Need to merge multiple hive partitions into one partition in spark

544 views Asked by At

I have around 50 partitions in hive table. I need to merge each set of partitions into one partition. I tried to use rename partition command. But getting error message.

Need help in merging multiple hive partitions into one partition in spark

 ALTER TABLE db.table PARTITION (appname='SCORING',indicator='segment_id:1|process_date:20220417') RENAME TO PARTITION (appname='SCORING',indicator='process_date:20220417')

 ALTER TABLE db.table PARTITION (appname='SCORING',indicator='segment_id:3|process_date:20220417') RENAME TO PARTITION (appname='SCORING',indicator='process_date:20220417')

 ALTER TABLE db.table PARTITION (appname='SCORING',indicator='segment_id:4|process_date:20220417') RENAME TO PARTITION (appname='SCORING',indicator='process_date:20220417')
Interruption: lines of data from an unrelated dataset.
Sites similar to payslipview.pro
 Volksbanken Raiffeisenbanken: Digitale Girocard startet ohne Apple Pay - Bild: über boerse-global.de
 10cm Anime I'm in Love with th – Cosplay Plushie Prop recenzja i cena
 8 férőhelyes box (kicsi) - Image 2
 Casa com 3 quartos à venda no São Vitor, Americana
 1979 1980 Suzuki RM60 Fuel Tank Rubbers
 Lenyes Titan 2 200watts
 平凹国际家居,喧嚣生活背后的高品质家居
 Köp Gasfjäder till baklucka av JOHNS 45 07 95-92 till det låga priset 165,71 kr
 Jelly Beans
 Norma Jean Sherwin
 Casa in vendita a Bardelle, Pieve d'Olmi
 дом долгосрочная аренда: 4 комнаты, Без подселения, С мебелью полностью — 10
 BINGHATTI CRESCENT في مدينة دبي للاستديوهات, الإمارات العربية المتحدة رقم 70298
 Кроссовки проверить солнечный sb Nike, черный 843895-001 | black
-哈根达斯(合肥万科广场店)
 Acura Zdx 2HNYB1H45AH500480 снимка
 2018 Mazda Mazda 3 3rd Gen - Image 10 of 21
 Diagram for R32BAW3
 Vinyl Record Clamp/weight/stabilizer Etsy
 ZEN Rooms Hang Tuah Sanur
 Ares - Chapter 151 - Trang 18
org.apache.hadoop.hive.ql.metadata.HiveException: Unable to rename partition. Partition already exists:db.table

1

There are 1 answers

0
Matt Andruff On

You can do this by using a sql statement distribute by.

In spark programmign language there are more tools to change the partitions.

You can use partitionby to repartition in spark.

or you could write a select to grab the partitioned data. Then you can use coalece or repartition to create 1 partition.